60 more posters printed.going out again tonight.


----------



## SamanthaGoosey (Jan 26, 2013)

Cats cats cats said:


> Bless you  xx


Thanks  it's no bother really, doing the least I can at the moment, just wish I was closer to physically go looking for her too!


----------



## we love bsh's (Mar 28, 2011)

the other rescues in south Yorkshire I still cant email them I don't know whats wrong. for example this is one Rain Rescue Cats it wont let me email?


----------



## Lovehatetragedy (Jul 8, 2010)

Really sorry to hear about Tassy, it must be killing you, it certainly would me if it was one of my girls or my little lad. I've sent you a PM on here about facebook if you would like to add me as I'd love to help anyway I can. x


----------



## Jenny1966 (Feb 7, 2011)

we love bsh's said:


> the other rescues in south Yorkshire I still cant email them I don't know whats wrong. for example this is one Rain Rescue Cats it wont let me email?

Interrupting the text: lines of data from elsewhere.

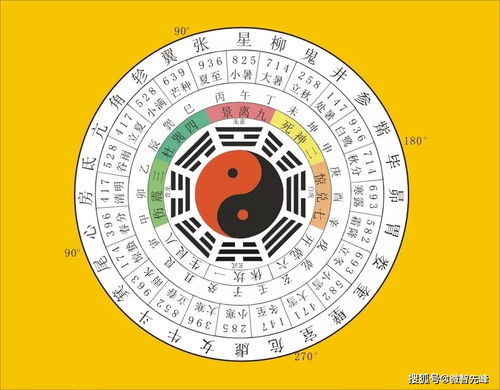 八字怎么样可以看阳宅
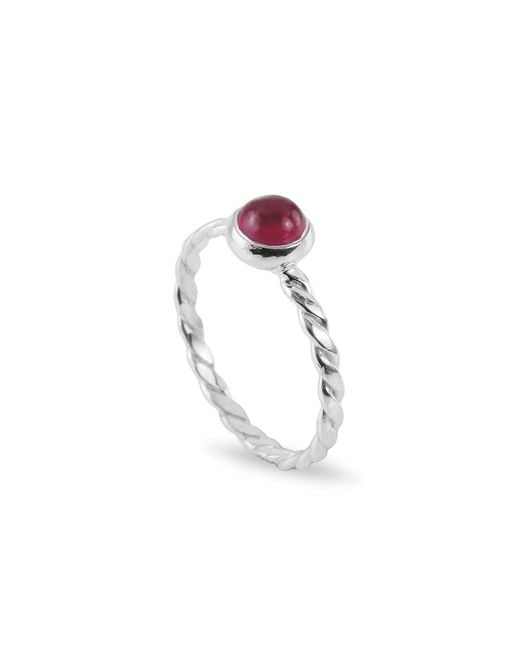 The Jewellery Store London Pink July Birthstone Ring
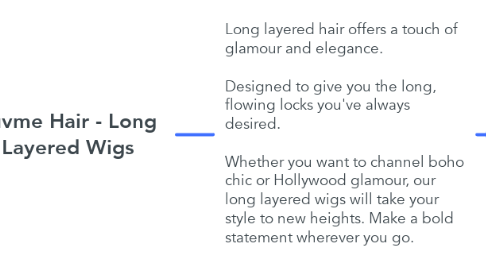 Mind Map: Luvme Hair - Long Layered Wigs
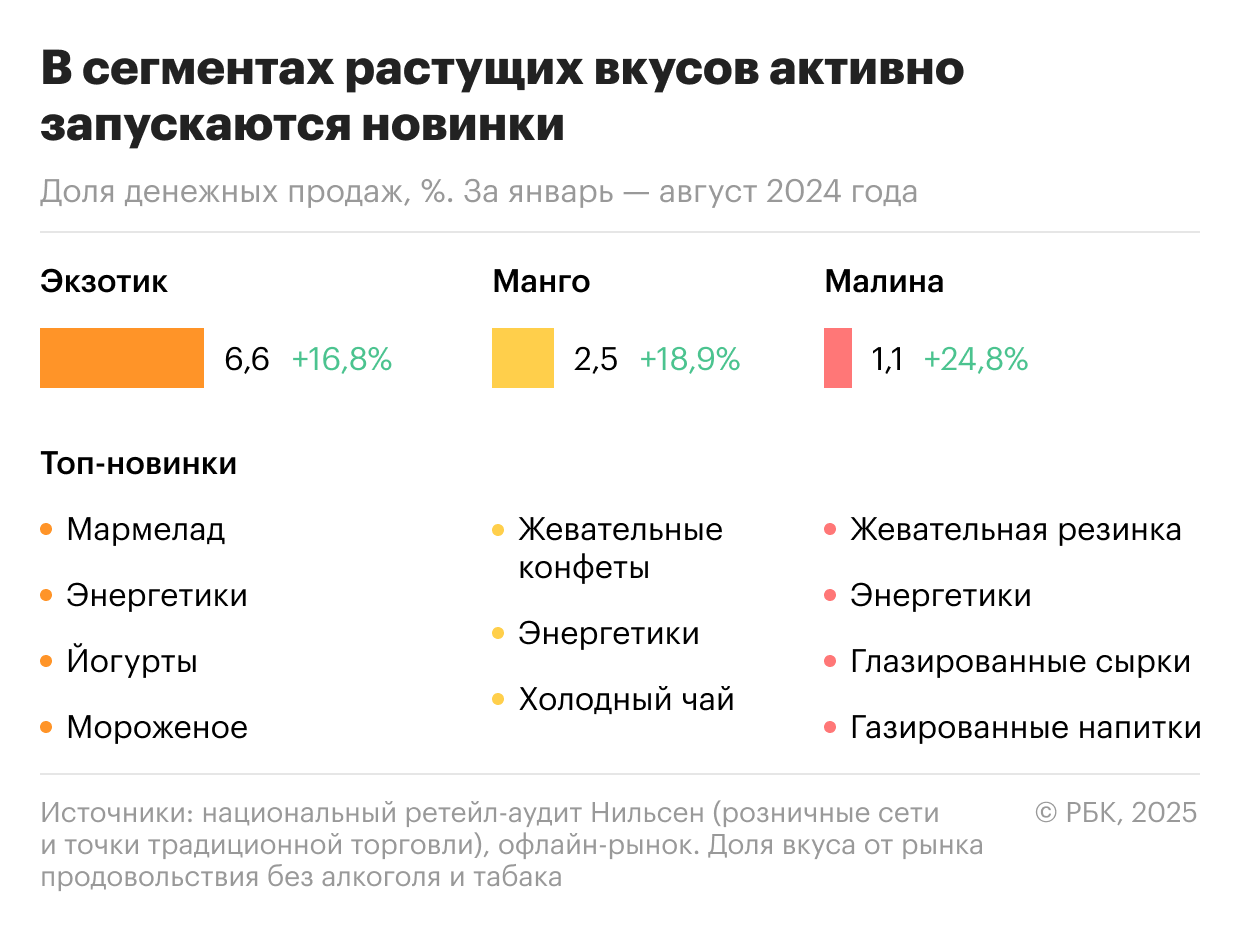 Фото:РБК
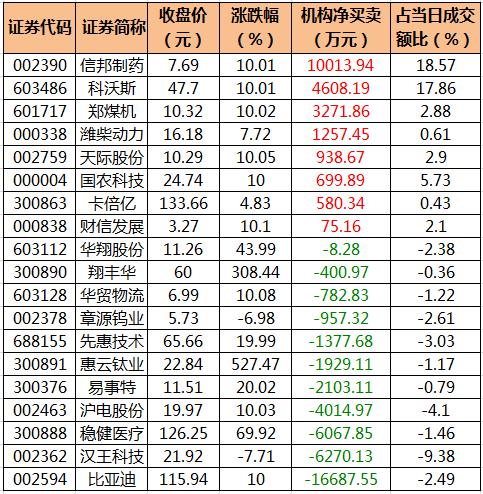 大逆转！北上资金2月买入超600亿元，创近13个月新高，连续6个月增持这些股，14股持仓翻倍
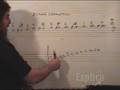 Part 07 - How to play sax in 60 minutes. English subtitles-AULA DE SAX - Prof.Ivan Meyer View Video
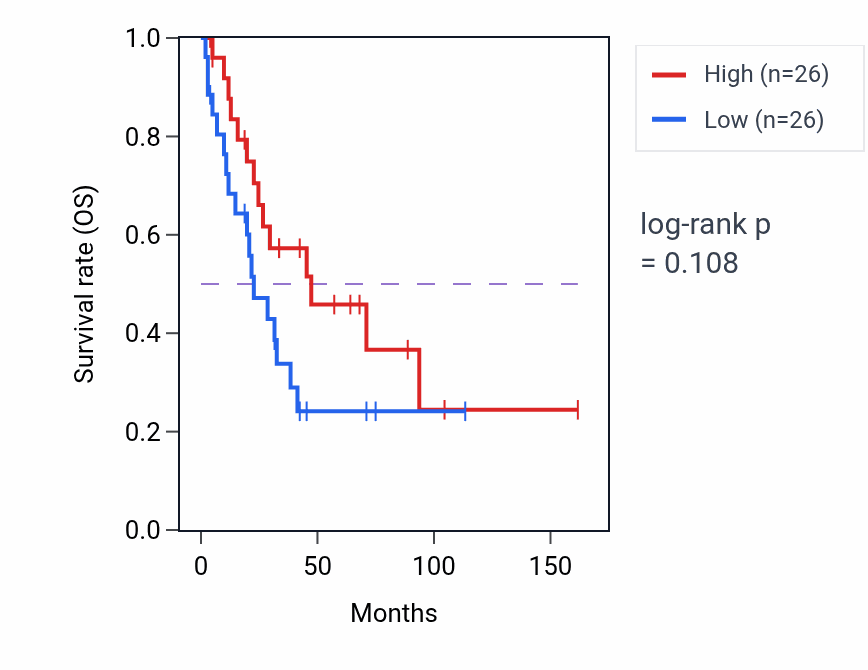 Kaplan&ndash;Meier survival curve for Response to carbohydrate pathway activity in SCLC: high vs low activity groups.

Do you use outlook hotmail? I cant email if I click on the link, but if I type the e mail adress in my hotmail it lets me email from there.

If you want me to do it, just let me know what you want to say to them 

It just let me e mail if you click on the 2nd link .... where it says click here


----------



## Haunted (Apr 10, 2013)

If you don't mind, I will share a copy of that poster on my Facebook. I'm not from your area, but I do have a lot of friends from all over the UK so it's worth it....


----------



## we love bsh's (Mar 28, 2011)

Shes home


----------



## Jenny1966 (Feb 7, 2011)

Yaaaaaaaaaaaaaaaaaaay 

Hope you have given the little madam a good telling off, after a long cuddle


----------



## Emmeow (Mar 1, 2012)

YAY!!!

So happy for you!!     

Where did you find her?


----------



## CoCoTrio (Jan 3, 2013)

:w00t:

:thumbup:


----------



## Lovehatetragedy (Jul 8, 2010)

Fantastic news  I'm so happy for you that shes home safe and sound! x


----------



## welshjet (Mar 31, 2011)

Good news.

As to mischief, are you able to get anything done early at vets


----------



## chloe1975 (Mar 17, 2013)

great news


----------



## suzy93074 (Sep 3, 2008)

BRILLIANT NEWS!!!



Now you have to find out all the gossip of where she has been and then relay to us! xxx


----------



## we love bsh's (Mar 28, 2011)

Was just going out to post posters and OH went outside and he saw her in a gap between my fence and next doors had to smash fence to get her.Omg im sooooooooooooooooooooo HAAAAAAAAAAAAAAAAAAAAAAPPPPPPPPPPPPPPPPPPYYYYYYYYYYYYYYYYYYYY

Getting her chipped in next half hour.

Right breeders do you know of any mismate kind of jab available to cats?


----------



## SamanthaGoosey (Jan 26, 2013)

*Woop!*

:w00t: :thumbsup: :laugh:


----------



## MoochH (Aug 22, 2012)

Fabulous News - I'm sure you are torn between telling her off and giving her big cuddles all at the same time!


----------



## we love bsh's (Mar 28, 2011)

welshjet said:


> Good news.
> 
> As to mischief, are you able to get anything done early at vets


Just trying to find this out I cant spay her she is one of my foundation girl really important to my lines so worse comes to worse she will have to have the kittens if pregnant then ill have to re test her.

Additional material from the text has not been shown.